GIKEN SAKATA (S) LIMITED (Incorporated in the Republic of Singapore) (Company Registration No. 197903879W)

THE PROPOSED PLACEMENT OF UP TO 80,000,000 NEW ORDINARY SHARES IN THE CAPITAL OF GIKEN SAKATA (S) LIMITED

1. INTRODUCTION TO THE TRANSACTIONS
1.1 The board of directors (the "Directors") of Giken Sakata (S) Limited (the "Company", and together with its subsidiaries, the "Group") refers to its announcement dated 11 April 2014, 1
June 2014 and 2 July 2014 (the "Previous Announcements") in relation to the proposed acquisition of 624,079 shares in the capital of Cepu Sakti Energy Pte. Ltd. (the "Acquisition"). Unless otherwise defined, all capitalised terms used in this announcement shall bear the same meaning as ascribed to them in the Previous Announcements.
1.2 Further to the Previous Announcements, the Directors wish to announce that the Company has, on 11 July 2014 entered into a placement agreement ("Placement Agreement") with Religare Capital Markets (Singapore) Pte. Limited (the "Placement Agent") pursuant to which the Company proposes to issue up to 80,000,000 new ordinary shares in the capital of the Company (the "Placement Shares") at an issue price of not less than S$0.30 per Placement Share (the "Placement Price"), amounting to an aggregate amount of up to S$24,000,000 (assuming
80,000,000 Placement Shares are issued at the minimum Placement Price of S$0.30 per Placement Share)(the "Placement"). The Placement Agent and the Company may agree on a Placement Price which is higher than the minimum Placement Price of S$0.30 per Placement Share.

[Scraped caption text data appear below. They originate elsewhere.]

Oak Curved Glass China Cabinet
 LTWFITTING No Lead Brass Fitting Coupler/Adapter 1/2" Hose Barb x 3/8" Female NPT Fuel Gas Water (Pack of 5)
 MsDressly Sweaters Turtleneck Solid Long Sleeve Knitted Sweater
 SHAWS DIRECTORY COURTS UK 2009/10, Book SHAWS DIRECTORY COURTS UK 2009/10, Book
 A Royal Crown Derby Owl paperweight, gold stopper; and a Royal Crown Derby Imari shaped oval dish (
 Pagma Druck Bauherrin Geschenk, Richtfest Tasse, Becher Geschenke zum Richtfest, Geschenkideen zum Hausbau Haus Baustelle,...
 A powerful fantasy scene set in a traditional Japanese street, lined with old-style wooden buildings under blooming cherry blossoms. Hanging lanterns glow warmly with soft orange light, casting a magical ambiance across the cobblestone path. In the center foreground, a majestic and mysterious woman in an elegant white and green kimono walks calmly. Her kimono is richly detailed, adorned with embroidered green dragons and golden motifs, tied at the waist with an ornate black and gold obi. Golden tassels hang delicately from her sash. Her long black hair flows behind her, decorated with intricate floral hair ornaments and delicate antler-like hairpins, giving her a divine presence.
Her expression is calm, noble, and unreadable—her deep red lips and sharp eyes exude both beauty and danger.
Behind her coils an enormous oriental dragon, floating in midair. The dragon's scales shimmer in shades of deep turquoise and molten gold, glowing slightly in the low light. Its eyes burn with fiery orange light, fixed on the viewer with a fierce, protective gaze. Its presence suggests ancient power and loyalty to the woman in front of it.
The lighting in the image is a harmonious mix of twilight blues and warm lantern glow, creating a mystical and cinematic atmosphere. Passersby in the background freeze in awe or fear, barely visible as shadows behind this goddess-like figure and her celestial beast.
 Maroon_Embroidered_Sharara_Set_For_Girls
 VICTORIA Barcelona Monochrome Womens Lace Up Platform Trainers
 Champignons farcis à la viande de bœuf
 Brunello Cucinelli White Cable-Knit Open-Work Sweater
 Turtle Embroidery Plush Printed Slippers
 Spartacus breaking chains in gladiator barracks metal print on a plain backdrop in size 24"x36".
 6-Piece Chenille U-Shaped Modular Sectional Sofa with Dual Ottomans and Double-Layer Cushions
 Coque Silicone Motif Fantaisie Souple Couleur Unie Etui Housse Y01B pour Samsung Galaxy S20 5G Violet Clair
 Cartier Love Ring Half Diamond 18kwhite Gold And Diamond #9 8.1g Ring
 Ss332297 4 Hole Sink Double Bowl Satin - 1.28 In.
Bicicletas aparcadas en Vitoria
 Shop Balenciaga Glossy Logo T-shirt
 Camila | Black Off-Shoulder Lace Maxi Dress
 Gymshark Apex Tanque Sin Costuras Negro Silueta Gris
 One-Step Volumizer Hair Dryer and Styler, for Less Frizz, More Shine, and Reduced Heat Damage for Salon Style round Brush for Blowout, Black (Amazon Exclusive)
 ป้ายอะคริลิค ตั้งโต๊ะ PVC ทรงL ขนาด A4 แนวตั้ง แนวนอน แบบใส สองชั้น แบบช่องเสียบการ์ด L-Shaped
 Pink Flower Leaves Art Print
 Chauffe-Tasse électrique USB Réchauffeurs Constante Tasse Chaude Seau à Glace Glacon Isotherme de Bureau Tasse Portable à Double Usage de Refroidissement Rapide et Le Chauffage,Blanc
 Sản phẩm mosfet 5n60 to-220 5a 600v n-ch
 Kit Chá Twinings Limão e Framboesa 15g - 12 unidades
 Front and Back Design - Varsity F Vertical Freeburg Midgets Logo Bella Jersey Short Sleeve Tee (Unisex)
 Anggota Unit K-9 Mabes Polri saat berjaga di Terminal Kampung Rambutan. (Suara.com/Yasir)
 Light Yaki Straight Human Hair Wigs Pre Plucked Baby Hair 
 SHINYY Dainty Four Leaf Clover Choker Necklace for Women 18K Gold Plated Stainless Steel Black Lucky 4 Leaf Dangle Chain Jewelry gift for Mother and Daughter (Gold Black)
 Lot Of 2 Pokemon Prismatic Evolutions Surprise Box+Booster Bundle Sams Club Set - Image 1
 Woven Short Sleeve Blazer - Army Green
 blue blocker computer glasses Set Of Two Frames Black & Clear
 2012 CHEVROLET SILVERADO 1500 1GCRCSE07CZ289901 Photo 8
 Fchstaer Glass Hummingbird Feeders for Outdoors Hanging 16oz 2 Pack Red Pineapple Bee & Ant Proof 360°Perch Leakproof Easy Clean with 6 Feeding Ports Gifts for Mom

1.3 The Company intends to convene an extraordinary general meeting (the "EGM") to seek approval of the shareholders of the Company ("Shareholders") for, amongst others, the Placement.
2. THE PLACEMENT
2.1. Introduction to the Placement
Subject to the terms and conditions of the Placement Agreement, the Company has agreed to issue, and the Placement Agent has agreed, subject to the lodgement by the Company of an offer information statement for the Placement, to procure subscriptions on a commercially reasonable efforts basis for the Placement Shares at not less than S$0.30 for each Placement Share.
The Placement is not underwritten and will be undertaken pursuant to Section 277 of the
Securities and Futures Act (Chapter 289 of Singapore).
2.2 Placement Price
The minimum Placement Price of S$0.30 for each Placement Share represents a discount of approximately 13.32% to the volume weighted average price (the "VWAP") of S$0.3461 for trades done on the Shares on the Catalist board of Singapore Exchange Securities Trading Limited (the "SGX-ST") on 10 July 2014 (being the full market day on which shares of the Company ("Shares") were traded prior to the signing of the Placement Agreement).
The Issue Price was commercially agreed between the Company and the Placement Agent, after taking into consideration, inter alia, the historical trading prices and volume of the Shares on the Catalist board of the SGX-ST.
As the Placement Price represents a discount of more than 10% to the VWAP, the Company is required under Rule 811(3) of the SGX-ST Listing Manual Section B: Rules of Catalist (the "Listing Manual") to seek the specific approval of Shareholders for the issuance of the Placement Shares.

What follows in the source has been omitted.